How the Subway’s Weekend Problem Fixer Spends His Sundays
New Yorkers who take the subway on Sundays may not know the name Jose LaSalle, but they might have seen him around in his orange safety vest.
Mr. LaSalle, 55, is the deputy chief of weekend service diversions and coordination for the Metropolitan Transportation Authority, which oversees the city’s subways and buses. That makes him the person responsible for troubleshooting and handling customer complaints at stations when there are delays and service disruptions. Around the office, he’s known as the “weekend service czar.”

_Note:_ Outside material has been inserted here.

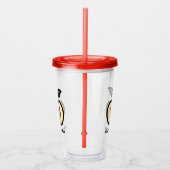 Nahrung zum Vergrößern Logo Akryllische Trommel Acryltrinkbecher (Rechts)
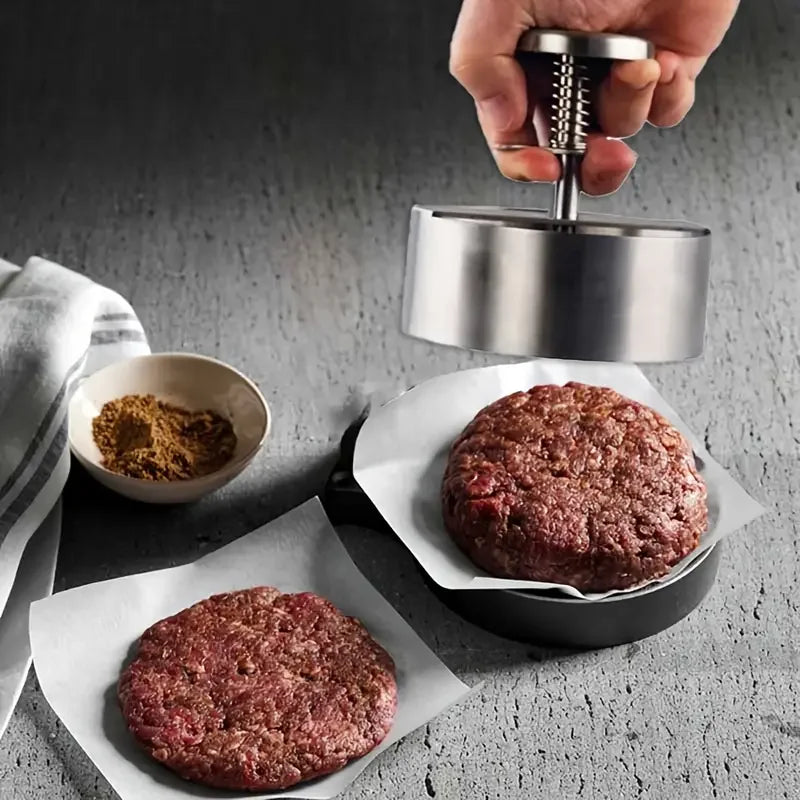 1PC Non-Stick Hamburger Patty Press,Cheeseburger Patty Maker Mold For Meat Beef Cheese Veggie,Burger Maker For Grill Griddle BBQ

He grew up in the Greenpoint neighborhood of Brooklyn, but these days he lives in a two-bedroom apartment in the East Village in Manhattan with his wife, Janet Rosario, 56, a New York City Transit train conductor.
NO SLOUCH. BUT: SLACK. Every Sunday that I’m not on vacation, I wake up at 5:30 a.m. As soon as I wake up, I have this habit of checking Slack. I’m checking for service diversions, things I can prep for. Anything impacting customers — a bottleneck or anything that can cause their journey time to be impacted — I check.
I hit my Breville espresso machine, turn on “Eyewitness News” Channel 7 and start running a shower so I can get out of the house by 6:15. Then I’m mobile. I try to make it in to my first stop by 7. Wherever there’s a lot of confusion on the part of the customer is where I want to go. That’s often a subway station, but it might be a bus stop.